Hi. Does anyone know what part the transistor SRF772 really is? They are in a TPL5010 RF amplifier. SRF772 is mentioned nowhere on Google or Bing. I was told that more than likely, the transistor might have that weird designation because when TPL bought a certain amount of these transistors, Motorola stamped a different part number on them for that specific brand, so when people needed a replacement transistor, they would have to go to TPL for the part, and not Motorola, to protect the OEM agreement.

It’s a neat little amplifier, designed to work from 21-30Mhz, class AB, so it can work on AM, FM, CW, SSB. 60 watts carrier/140 PEP. I use it with an old Realistic (Radio Shack) HTX-100 transceiver on SSB on ten meters, which gives it a good boost from the radio’s max output of around 20 watts. Thanks for any help.>The TechForum Cross Reference category is for parts that Digi-Key does not sell or parts that have gone obsolete. Our Engineers and Techs have reviewed the specifications for these parts and made a recommendation for a replacement. Please review the suggested part to ensure it will work for your application.

Hello Adam,
Thank you for your inquiry and welcome to Techforum. I am sorry the part does not come up in our system. When I enter SRF772 into Google it does have a few hits from other forums.

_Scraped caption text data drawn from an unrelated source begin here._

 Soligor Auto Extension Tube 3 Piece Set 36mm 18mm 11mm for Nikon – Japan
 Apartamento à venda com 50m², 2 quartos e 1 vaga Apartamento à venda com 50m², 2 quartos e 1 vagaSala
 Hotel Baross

Your Reference number is # T4280339.

I couldn’t find anything in old cross reference books or searches.

BTW it is very rare for any product sold in small volumes like an RF amplifier to have custom marked parts to prevent inexpensive repair. It is a very costly option in low quantities and the whole benefit can be had for far lower cost by simply removing the makings from standard components (that was very common in the last century).

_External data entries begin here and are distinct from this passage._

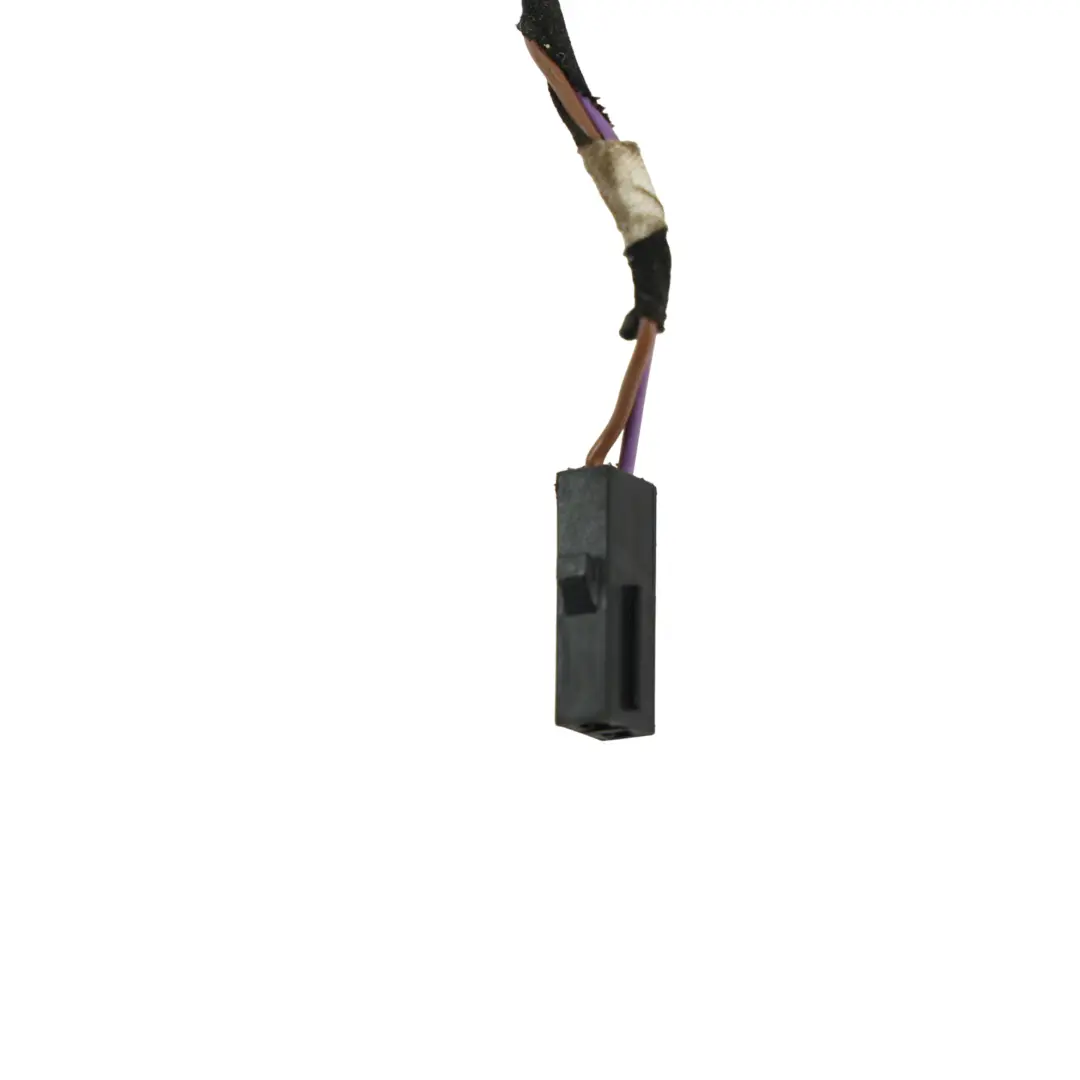 Volkswagen Golf Mk6 5K Seat Wiring Harness Cable Front Right O/S - SKU RHD-5K0971392L - Part number 5K0971392L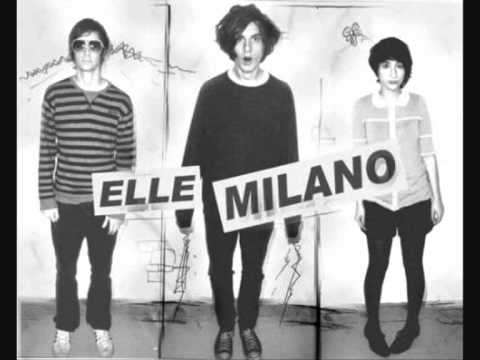 Elle Milano - Schwanengesang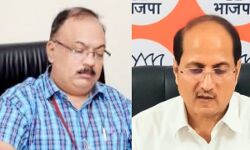 भुगतान में लापरवाही बरतने वाली चीनी मिलों पर होगी सख्ती- भूसरेड्डी भुगतान में लापरवाही बरतने वाली चीनी मिलों पर होगी सख्ती- भूसरेड्डी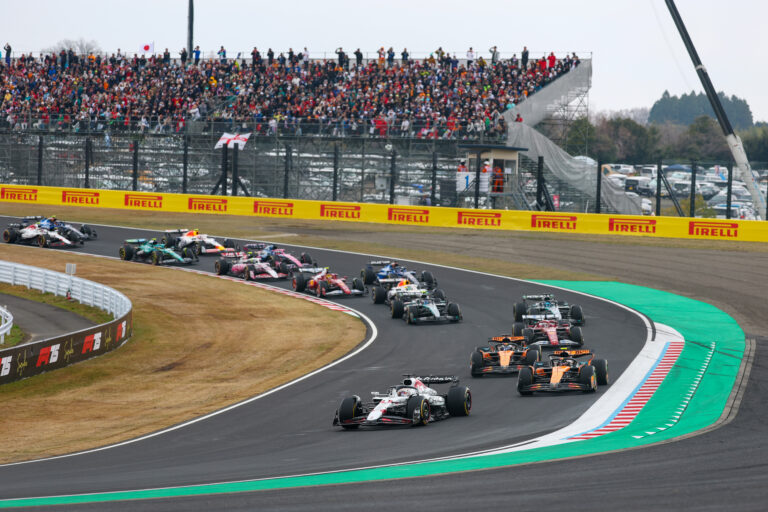 Felesleges a pánikhangulat az F1 miatt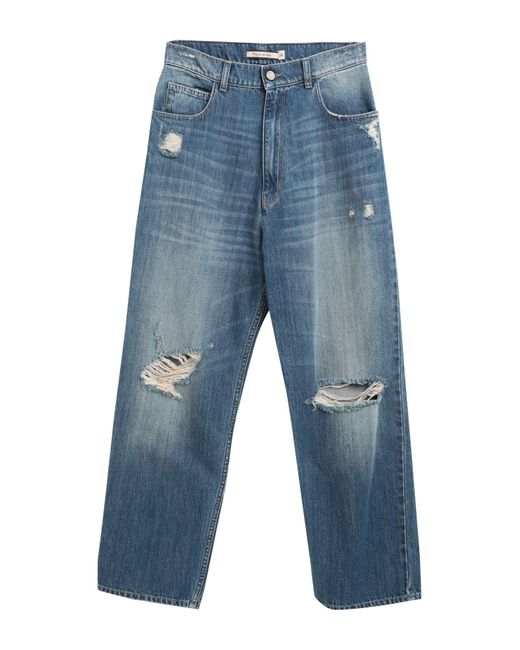 Manila Grace Blue Jeans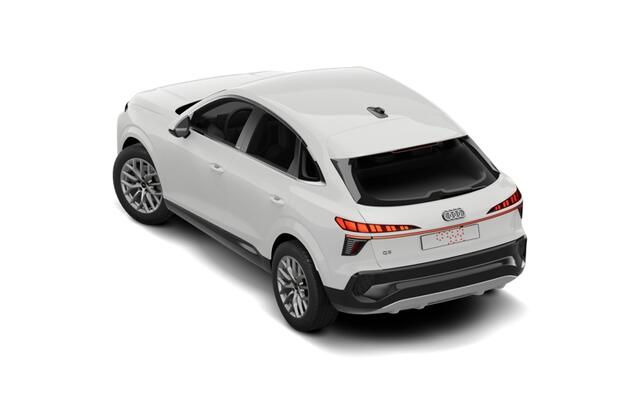 Audi Q3 Sportback e-hybrid 272 S tronic S edition | Adaptive cruise control | Audi sound system | Cruise control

More often than not, an unidentifiable number is because it’s a semi-custom or full custom part. Often the part will have only a few specs different than the standard part upon which it is based, Frequently it is simply that additional testing was done by the part manufacturer to sort parts and allow them to guarantee one or more tighter specs than the standard part would have.

In both these cases the only solution is to either get more information from the product and/or component manufacturer (in this case I think they have both been out of business for decades), or reverse engineer the circuit.